I've never found a pair of baggies I liked, they all bunch up on me. Spandex is the way to go, imho. Fit right, don't catch on the saddle, never ride up, look good.


----------



## trailgirl (Oct 25, 2005)

MtbRN said:


> Gosh, I usually get off the bike to pee, rather than doing it while riding
> 
> I've never found a pair of baggies I liked, they all bunch up on me. Spandex is the way to go, imho. Fit right, don't catch on the saddle, never ride up, look good.


Agreed. I don't like baggies at all. Totaly non-functional. They look like they were designed for surfing or hanging out. Looks like you are trying to hide something, get caught on the seat, don't breath well. I could go on....


----------



## ellie mae (Mar 9, 2006)

I agree with the lycra for long rides for all the same reasons: don't bunch up, breathe better, don't get caught on the seat. My favorite are by sugoi -- well constructed chamois that's not real thick. However, I do like baggies for the local, after-work rides when I'm not spending a ton of time in the sadde. My favorites right now are the ones SheBeest has out right now; they're light and have elastic and a draw string around the waist.


----------



## Faybie77 (May 6, 2007)

Well, I guess it's all a matter of preference, but I have never once had a problem with them getting caught on anything and they breath just fine for me.


----------



## sptweedy (May 15, 2007)

I really like the Pearl Izumi Womens Quest short, especially for mt. biking. They are very durable and comfortable and reasonably priced. I just bought another pair this past weekend for $49. I had my last pair (they were my main shorts that I almost always wore) for over 2 years.
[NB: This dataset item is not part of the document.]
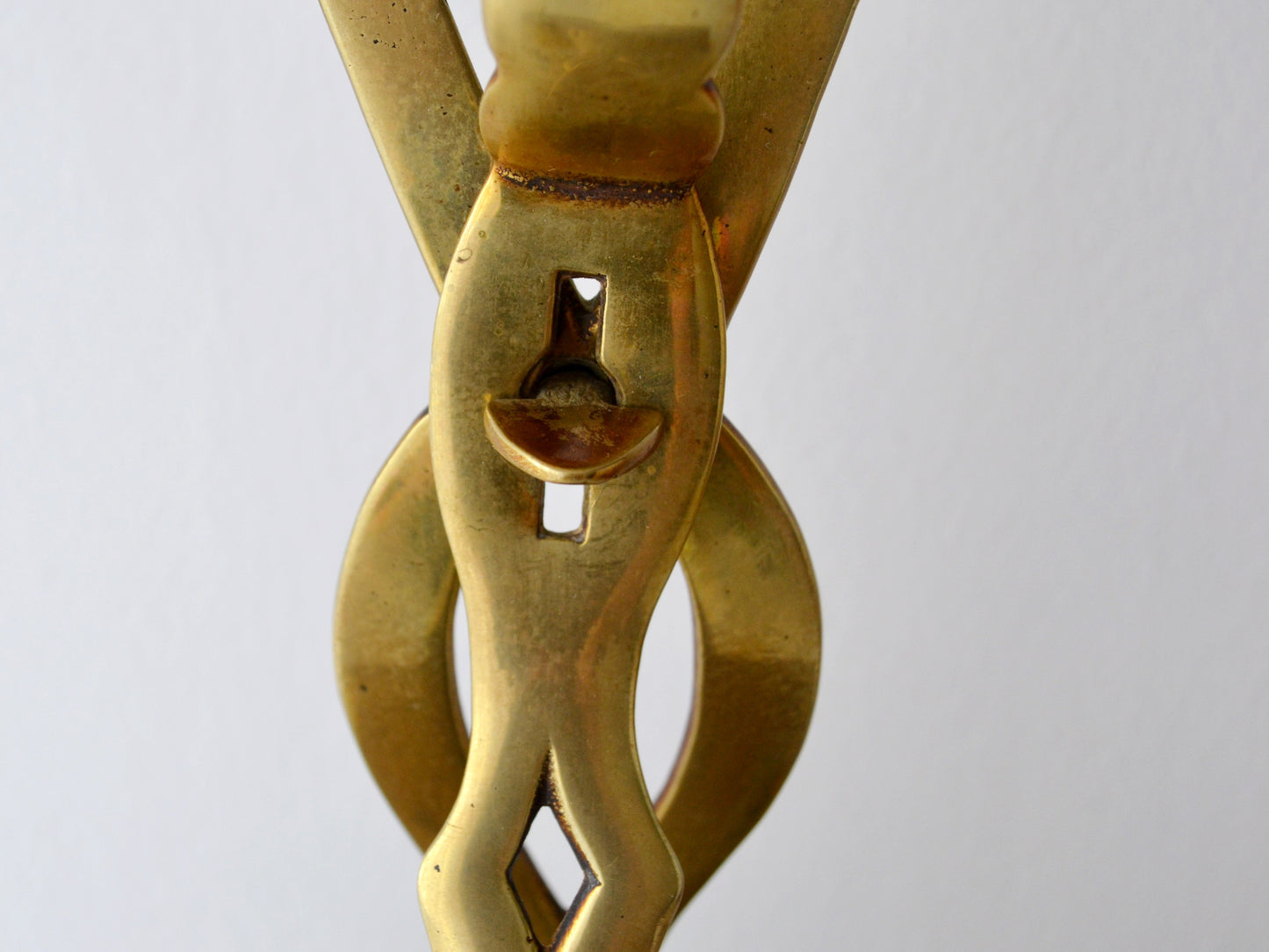 Twisted openwork handle detail of antique brass chestnut roaster, circa 1900s.
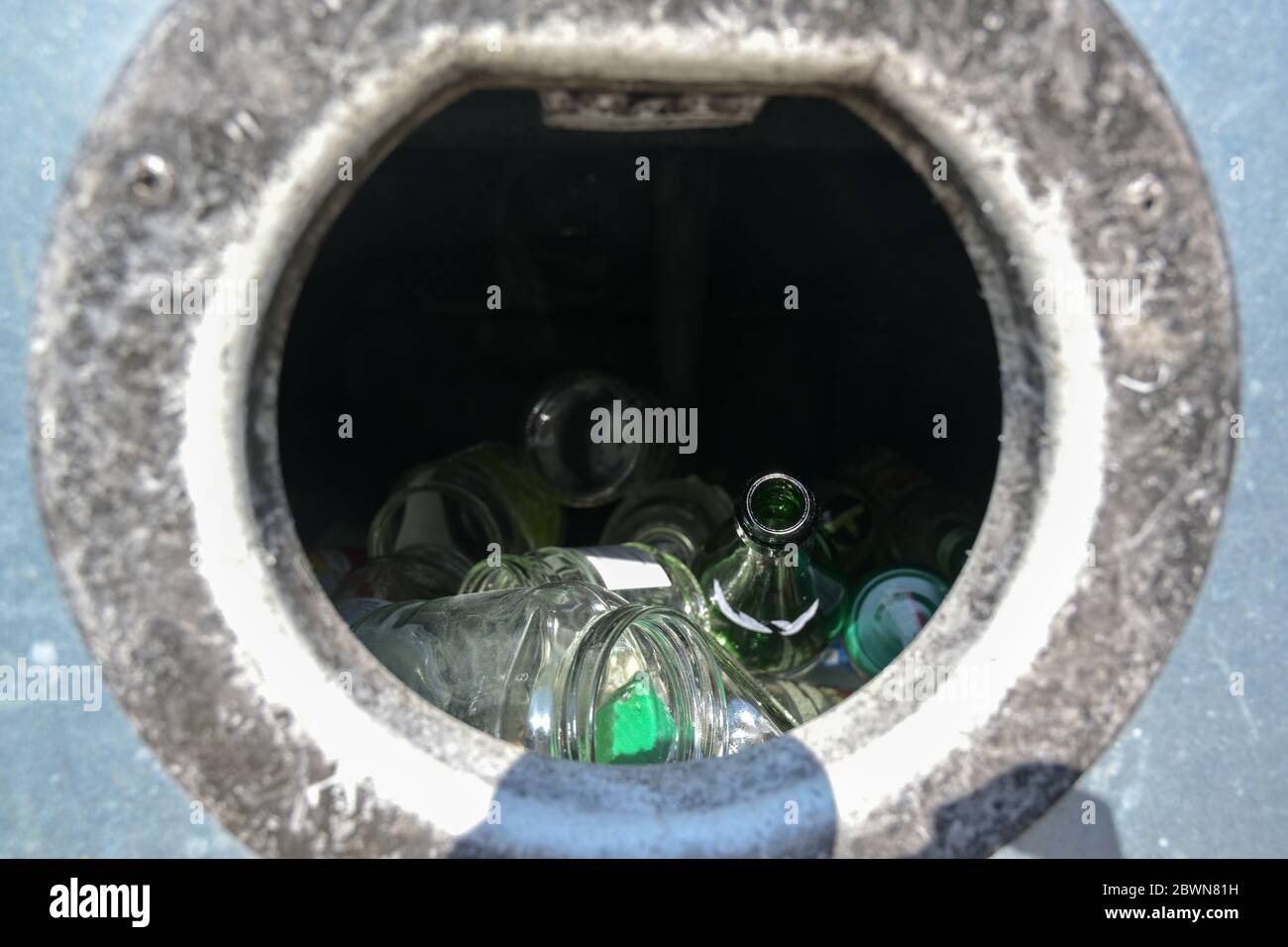 Insertion hole of a bottle container for collecting and recycling glass material, sustainable resource processing, copy space, selected focus, narrow Stock Photo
They look good too, even if you're a "fat bottom girl" like me.


----------



## mtrh8 (Apr 7, 2007)

I can't recommend ZOIC.I have 2 pairs(One was the first pair of bike shorts I bought,60$,I was spandex shy then too)Later I bought another pair on clearance.Both have the worst Chamois,the clearance one I got mailorder is leapord spotted fake fur!:skep: What guy thought of that one:nono: ?The elastic on the legs has worn more than my other shorts and the plastic thingy on the belt broke on the 60$ pair on the second wearing.Spandex is way more comfortable for distance and I have got over most of my spandex shyness.My daughter told me"Mother,spandex is a privlage you have earned".I got to a point were I no longer care.
That said sometimes I like the baggies for when I want to run errands on the way home from riding without changing.So I am paying attention here too to get some input as I need to replace these.But they do get caught sometimes on the seat.


----------



## Shelley (May 9, 2007)

*Mtn. Bike skorts?*

Hello!

I'm very new to the MTBR community and I've been dying to ask what everyone thinks of the padded "skorts" I've been seeing around. I think there are several brands but Terry is the one that comes to mind. Does anyone have one? What do you think?

I have some old Fox shorts (men's) that are well loved. The sizes for women's bike shorts are so small and I'm nearly 6'0". I have to second the Fox shorts, though, because they all seem well made.

I also have a pair of lycra but prefer the Fox's over those.


----------



## lambchop43 (Feb 4, 2007)

I have the fox prepster skort in pink plaid. It came with a terrible chamois, so I took it out and just put a better lycra short underneath it now. It's fine for easy trails, but I never wear it on technical rides. It flaps around and I'm afraid it could get caught on something. But it's very sassy and cute 

I never wear plain lycra. I love my Oakley (womens XC) and Roach (men's DH) shorts. I have some Zoics as wll, but they're not my favorites. I never have issues with shorts getting caught on my seat or not breathing, plus I just feel way more comfortable in baggies.


----------



## cbharping (Mar 22, 2004)

I really dislike spandex; they make me feel self-conscious! I'm definitely into the baggy shorts...besides, you can go out to a restaurant afterwards in them, which is a definite plus!

Have you checked out Loeka? Cute shorts, and you can wear them for casual too!

Sugoi makes some really comfy and cute baggy shorts...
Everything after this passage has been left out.